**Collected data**

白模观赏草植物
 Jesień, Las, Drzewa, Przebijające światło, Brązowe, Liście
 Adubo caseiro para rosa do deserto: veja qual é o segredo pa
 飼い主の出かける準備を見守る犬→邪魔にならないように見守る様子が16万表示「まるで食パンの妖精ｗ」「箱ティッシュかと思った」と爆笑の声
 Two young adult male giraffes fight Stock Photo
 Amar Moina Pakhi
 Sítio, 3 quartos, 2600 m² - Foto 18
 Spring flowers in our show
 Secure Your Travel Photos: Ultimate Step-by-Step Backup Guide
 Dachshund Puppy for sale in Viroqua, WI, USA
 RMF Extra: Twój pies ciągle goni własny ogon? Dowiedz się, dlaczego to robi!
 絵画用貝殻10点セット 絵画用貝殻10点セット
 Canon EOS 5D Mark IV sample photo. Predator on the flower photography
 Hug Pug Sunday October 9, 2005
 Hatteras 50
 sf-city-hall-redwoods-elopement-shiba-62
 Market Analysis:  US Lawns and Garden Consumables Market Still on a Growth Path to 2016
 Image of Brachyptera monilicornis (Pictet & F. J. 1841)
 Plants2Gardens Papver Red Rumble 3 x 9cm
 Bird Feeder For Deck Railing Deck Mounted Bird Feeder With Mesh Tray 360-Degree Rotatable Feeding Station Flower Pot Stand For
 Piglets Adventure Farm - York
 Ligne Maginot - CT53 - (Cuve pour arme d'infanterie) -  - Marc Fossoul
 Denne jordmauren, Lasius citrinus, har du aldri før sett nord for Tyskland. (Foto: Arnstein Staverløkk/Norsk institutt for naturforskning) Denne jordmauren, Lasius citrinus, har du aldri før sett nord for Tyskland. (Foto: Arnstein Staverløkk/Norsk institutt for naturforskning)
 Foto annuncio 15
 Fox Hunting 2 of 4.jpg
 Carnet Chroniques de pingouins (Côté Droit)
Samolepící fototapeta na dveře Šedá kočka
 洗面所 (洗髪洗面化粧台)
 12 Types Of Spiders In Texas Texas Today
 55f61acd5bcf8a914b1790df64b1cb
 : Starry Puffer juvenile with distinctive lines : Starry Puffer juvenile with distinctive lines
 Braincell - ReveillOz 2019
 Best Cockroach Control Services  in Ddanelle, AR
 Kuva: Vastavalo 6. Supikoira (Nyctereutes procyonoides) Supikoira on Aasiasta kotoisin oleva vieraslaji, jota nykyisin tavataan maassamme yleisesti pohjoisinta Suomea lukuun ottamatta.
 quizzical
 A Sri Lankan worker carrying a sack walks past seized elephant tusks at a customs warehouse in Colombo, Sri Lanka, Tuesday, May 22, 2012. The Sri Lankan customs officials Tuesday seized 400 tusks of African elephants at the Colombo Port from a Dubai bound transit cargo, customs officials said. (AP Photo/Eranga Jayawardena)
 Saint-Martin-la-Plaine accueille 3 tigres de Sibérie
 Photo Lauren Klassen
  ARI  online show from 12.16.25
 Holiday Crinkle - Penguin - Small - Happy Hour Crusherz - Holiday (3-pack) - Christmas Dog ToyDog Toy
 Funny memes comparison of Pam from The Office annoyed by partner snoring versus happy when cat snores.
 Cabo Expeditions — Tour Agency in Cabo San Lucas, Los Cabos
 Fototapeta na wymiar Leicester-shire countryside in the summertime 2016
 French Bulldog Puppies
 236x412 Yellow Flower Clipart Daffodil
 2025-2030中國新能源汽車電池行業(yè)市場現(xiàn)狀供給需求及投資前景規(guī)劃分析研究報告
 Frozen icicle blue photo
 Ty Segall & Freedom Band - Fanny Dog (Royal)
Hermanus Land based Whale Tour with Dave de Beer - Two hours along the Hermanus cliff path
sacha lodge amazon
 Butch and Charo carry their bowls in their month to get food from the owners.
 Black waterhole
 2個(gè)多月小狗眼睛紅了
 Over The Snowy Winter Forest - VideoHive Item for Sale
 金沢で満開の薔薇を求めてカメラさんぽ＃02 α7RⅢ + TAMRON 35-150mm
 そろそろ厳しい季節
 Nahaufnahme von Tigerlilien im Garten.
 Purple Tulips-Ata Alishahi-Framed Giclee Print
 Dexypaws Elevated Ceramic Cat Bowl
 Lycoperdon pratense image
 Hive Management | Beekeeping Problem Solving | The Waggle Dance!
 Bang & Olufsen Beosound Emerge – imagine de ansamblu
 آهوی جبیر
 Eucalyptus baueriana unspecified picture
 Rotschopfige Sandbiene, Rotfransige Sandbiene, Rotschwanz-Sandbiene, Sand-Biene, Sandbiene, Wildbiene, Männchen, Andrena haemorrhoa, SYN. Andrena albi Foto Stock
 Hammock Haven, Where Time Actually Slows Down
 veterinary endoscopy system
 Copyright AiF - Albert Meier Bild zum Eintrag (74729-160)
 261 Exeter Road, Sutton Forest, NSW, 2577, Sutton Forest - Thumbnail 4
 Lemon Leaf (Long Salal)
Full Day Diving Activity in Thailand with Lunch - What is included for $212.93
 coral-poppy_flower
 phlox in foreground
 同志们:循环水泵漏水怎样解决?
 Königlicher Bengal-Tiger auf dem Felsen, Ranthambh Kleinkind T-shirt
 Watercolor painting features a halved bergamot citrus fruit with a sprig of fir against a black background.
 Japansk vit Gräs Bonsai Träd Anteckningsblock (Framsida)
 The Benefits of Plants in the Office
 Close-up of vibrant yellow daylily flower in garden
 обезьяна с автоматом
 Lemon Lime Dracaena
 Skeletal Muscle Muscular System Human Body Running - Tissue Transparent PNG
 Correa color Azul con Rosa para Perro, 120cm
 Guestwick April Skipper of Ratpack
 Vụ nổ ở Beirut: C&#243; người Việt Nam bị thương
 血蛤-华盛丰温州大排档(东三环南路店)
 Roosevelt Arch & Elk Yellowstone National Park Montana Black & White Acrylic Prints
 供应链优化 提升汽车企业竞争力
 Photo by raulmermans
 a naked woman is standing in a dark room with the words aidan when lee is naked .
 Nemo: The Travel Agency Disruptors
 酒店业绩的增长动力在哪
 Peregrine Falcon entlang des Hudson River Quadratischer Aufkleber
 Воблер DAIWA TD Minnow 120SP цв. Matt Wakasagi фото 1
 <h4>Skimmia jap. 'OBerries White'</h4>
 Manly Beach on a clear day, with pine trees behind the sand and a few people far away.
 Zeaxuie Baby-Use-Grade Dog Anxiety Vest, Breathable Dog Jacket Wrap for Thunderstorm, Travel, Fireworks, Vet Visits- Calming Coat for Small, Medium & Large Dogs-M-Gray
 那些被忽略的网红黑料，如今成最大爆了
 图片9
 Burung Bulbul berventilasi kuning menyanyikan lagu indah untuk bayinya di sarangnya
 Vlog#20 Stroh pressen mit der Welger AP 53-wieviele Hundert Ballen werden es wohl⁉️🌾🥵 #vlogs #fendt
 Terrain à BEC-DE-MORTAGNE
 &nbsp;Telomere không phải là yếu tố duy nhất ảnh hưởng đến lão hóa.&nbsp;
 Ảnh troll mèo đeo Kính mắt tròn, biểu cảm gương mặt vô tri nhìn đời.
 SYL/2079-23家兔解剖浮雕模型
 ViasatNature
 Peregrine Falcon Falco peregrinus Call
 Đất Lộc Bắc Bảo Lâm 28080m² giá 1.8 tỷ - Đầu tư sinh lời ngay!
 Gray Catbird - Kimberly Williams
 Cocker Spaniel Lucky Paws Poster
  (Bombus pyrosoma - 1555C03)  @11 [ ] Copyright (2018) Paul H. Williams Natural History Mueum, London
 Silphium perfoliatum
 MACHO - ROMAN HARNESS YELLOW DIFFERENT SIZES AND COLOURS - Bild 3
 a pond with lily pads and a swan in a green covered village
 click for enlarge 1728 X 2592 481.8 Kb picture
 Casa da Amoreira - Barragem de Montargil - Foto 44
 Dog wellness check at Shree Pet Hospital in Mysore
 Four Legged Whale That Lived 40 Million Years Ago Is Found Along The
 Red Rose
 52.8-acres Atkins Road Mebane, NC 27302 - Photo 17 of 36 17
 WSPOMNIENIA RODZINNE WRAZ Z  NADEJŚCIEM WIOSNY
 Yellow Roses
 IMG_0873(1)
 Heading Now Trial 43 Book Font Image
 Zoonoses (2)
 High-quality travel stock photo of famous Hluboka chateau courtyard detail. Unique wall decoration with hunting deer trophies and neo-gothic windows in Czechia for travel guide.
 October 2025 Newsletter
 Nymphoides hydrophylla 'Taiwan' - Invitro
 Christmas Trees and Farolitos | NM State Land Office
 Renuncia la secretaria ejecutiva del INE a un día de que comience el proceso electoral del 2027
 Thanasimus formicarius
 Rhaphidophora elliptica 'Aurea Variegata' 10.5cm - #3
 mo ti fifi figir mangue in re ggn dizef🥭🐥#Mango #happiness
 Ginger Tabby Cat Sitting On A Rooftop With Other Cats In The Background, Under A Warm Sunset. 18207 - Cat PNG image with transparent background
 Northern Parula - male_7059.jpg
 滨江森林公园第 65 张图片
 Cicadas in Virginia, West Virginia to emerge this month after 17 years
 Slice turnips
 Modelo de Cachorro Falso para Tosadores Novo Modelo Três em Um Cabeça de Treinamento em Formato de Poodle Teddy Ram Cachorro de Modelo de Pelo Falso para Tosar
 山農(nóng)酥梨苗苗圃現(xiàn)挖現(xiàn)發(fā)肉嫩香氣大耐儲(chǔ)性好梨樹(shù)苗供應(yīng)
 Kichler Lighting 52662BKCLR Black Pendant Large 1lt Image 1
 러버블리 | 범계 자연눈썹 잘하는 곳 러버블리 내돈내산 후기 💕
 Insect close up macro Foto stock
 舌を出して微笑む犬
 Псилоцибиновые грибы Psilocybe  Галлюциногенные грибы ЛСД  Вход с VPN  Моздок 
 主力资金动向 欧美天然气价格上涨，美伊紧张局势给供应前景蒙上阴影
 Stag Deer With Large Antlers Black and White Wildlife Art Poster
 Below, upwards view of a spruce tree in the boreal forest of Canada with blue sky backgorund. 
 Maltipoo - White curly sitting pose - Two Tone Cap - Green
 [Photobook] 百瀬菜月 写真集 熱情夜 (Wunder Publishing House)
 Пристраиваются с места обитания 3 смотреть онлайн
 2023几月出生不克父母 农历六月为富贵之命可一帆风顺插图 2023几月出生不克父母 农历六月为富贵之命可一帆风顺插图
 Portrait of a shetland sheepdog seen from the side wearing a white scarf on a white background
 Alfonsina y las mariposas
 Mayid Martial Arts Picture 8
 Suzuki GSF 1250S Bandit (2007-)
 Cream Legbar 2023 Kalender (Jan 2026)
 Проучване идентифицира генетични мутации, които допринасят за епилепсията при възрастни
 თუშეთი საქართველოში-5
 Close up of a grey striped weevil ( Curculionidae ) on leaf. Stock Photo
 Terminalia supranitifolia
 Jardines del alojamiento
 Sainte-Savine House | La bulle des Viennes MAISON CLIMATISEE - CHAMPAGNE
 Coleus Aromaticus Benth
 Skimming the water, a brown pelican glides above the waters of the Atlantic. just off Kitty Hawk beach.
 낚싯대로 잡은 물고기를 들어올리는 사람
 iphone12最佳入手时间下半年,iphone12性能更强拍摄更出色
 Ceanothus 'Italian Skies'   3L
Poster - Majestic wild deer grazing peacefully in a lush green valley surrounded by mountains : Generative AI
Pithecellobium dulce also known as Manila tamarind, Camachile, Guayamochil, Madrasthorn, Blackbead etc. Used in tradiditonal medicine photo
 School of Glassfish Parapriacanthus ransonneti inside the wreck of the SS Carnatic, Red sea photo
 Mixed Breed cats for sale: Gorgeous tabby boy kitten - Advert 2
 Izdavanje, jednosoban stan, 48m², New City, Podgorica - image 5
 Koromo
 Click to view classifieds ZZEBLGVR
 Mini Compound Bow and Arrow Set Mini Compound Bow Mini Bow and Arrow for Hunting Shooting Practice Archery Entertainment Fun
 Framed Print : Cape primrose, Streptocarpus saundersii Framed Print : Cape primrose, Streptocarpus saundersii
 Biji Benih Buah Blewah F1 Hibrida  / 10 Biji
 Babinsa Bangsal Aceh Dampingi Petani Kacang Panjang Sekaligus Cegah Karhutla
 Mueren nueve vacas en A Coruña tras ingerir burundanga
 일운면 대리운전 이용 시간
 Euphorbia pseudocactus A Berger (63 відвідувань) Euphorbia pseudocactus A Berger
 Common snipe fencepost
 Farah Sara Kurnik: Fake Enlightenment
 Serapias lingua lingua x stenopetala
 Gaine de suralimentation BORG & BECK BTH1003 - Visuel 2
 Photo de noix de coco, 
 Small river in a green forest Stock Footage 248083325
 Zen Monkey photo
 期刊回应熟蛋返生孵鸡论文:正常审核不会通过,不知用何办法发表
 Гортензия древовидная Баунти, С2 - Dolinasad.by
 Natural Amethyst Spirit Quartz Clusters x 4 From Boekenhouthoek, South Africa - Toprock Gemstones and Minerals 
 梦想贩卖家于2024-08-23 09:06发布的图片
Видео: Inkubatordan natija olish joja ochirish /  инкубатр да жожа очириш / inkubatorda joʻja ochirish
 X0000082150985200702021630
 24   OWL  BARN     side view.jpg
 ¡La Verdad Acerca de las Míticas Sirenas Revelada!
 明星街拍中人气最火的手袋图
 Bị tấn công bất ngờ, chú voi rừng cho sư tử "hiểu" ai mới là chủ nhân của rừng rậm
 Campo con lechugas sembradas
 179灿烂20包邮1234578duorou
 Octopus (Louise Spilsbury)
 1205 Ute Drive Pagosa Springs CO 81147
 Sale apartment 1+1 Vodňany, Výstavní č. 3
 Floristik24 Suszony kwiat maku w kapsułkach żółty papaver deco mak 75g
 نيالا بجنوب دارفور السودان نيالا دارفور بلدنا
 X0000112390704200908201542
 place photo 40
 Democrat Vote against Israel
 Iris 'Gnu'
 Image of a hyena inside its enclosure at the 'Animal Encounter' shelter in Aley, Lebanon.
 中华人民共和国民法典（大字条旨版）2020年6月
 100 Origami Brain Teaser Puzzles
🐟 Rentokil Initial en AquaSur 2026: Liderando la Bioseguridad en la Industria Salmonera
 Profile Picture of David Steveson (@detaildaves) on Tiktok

**Work instruction**
Return all lines of the data in which the string "Road" appears.

**The completed task**
 261 Exeter Road, Sutton Forest, NSW, 2577, Sutton Forest - Thumbnail 4
 52.8-acres Atkins Road Mebane, NC 27302 - Photo 17 of 36 17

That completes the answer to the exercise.